New Android privilege escalation bugs discovered by researchers

Popular smart-phone OS Google Android is in the news with the discovery of two new privilege escalation vulnerabilities.

Two new vulnerabilities have been pinpointed in Google’s Android platform by researchers. According to the researchers Jon Oberheide and Zack Lanier, while Google has been informed of the flaws for more than a month now, these Android bugs remain unpatched.

The first Android vulnerability is a permissions escalation bug that may allow attackers to install applications with arbitrary permissions without user approval. Attackers may be able to exploit this flaw to gain privileges and perform code execution. According to the researchers, it is important to note that is vulnerability can be tapped by exploiting existing applications. This bug is known to affect all Android handsets, and is not dependent on the Android OS version.

The second flaw is a Linux kernel privilege escalation bug that affects particular Android device models, including the Google Nexus S. Using this bug, an attacker may be able to gain root control over an Android device using a terminal application.
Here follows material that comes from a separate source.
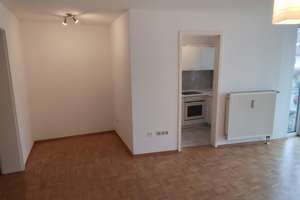 Zuhause mit zwei Zimmern in Ingolstadt – Cusanusstraße 43, 85049 Friedrichshofen-Hollerstauden, Ingolstadt – Vorschaubild 11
This bug is present even in the latest Android kernel, and can be exploited by an unprivileged application to escalate privileges and gain full control of the device.

The researchers have posted a proof of concept video on their website. Previously, the duo was known for their Angry Birds proof-of-concept application, which they used to demonstrate how attackers could surreptitiously install malware without the knowledge or consent of users.